### Goal of the exercise:
Return the following data exactly, with all pictures left out.

### Dataset content:

┄┄┄┄┄┄

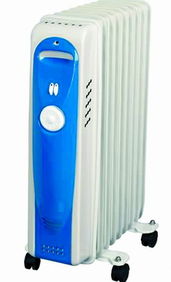 寒流來襲 制暖家電熱銷 家用電器市場迎來消費熱潮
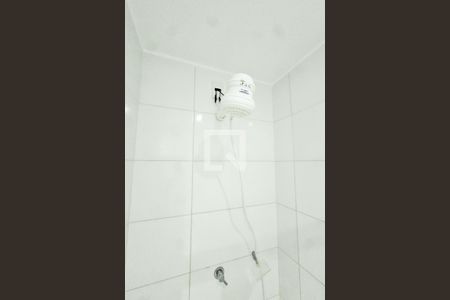Banheiro de apartamento para alugar com 1 quarto, 40m² em Pituba, Salvador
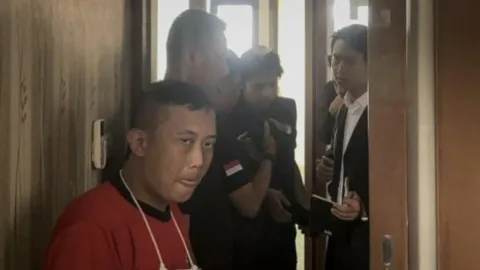 Selingan di Tengah Penyekapan: Tersangka TH Kencan di Hotel Saat Korban Terluka di Kos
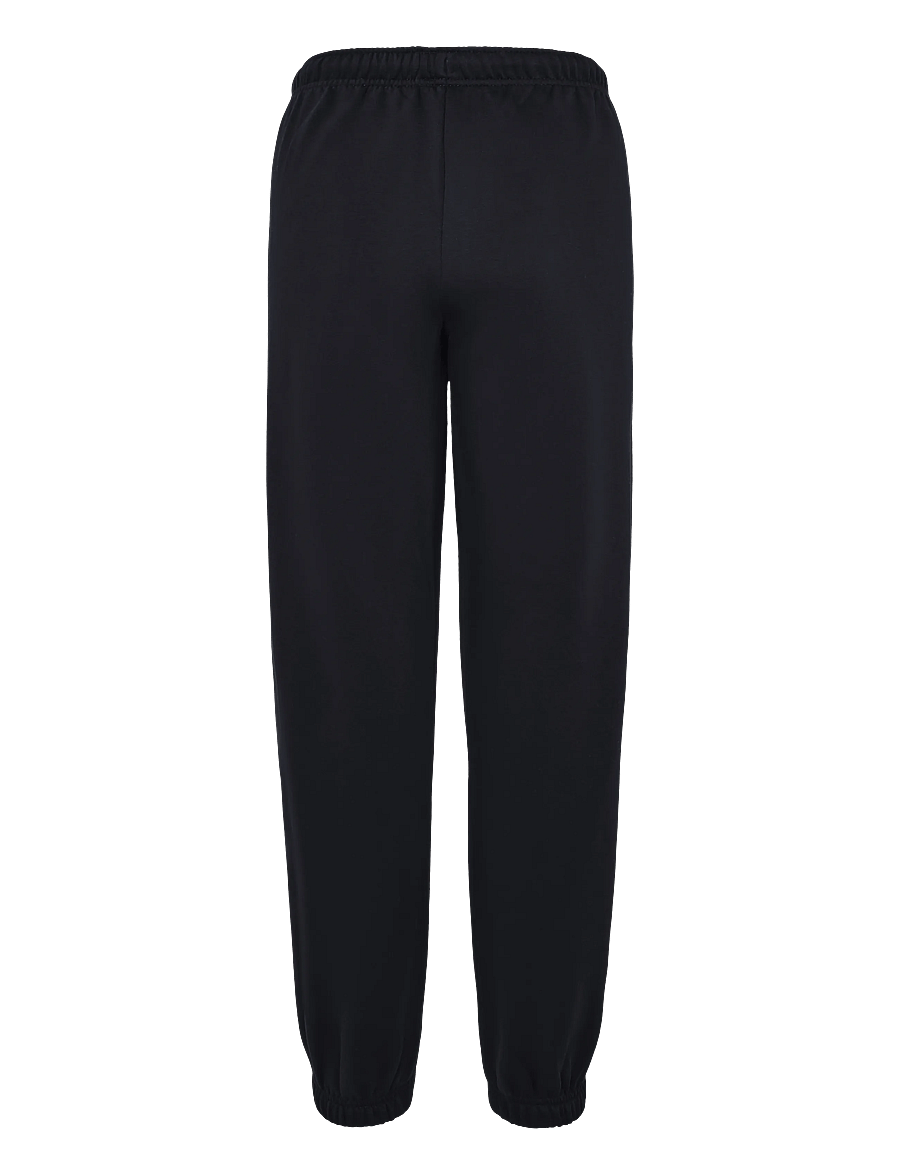 The North Face - W EVOLUTION SIMPLE DOME REGULAR PANT - träningsbyxor - tnf black - 1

┄┄┄┄┄┄

### Exercise response:
 寒流來襲 制暖家電熱銷 家用電器市場迎來消費熱潮
Banheiro de apartamento para alugar com 1 quarto, 40m² em Pituba, Salvador
 Selingan di Tengah Penyekapan: Tersangka TH Kencan di Hotel Saat Korban Terluka di Kos
 The North Face - W EVOLUTION SIMPLE DOME REGULAR PANT - träningsbyxor - tnf black - 1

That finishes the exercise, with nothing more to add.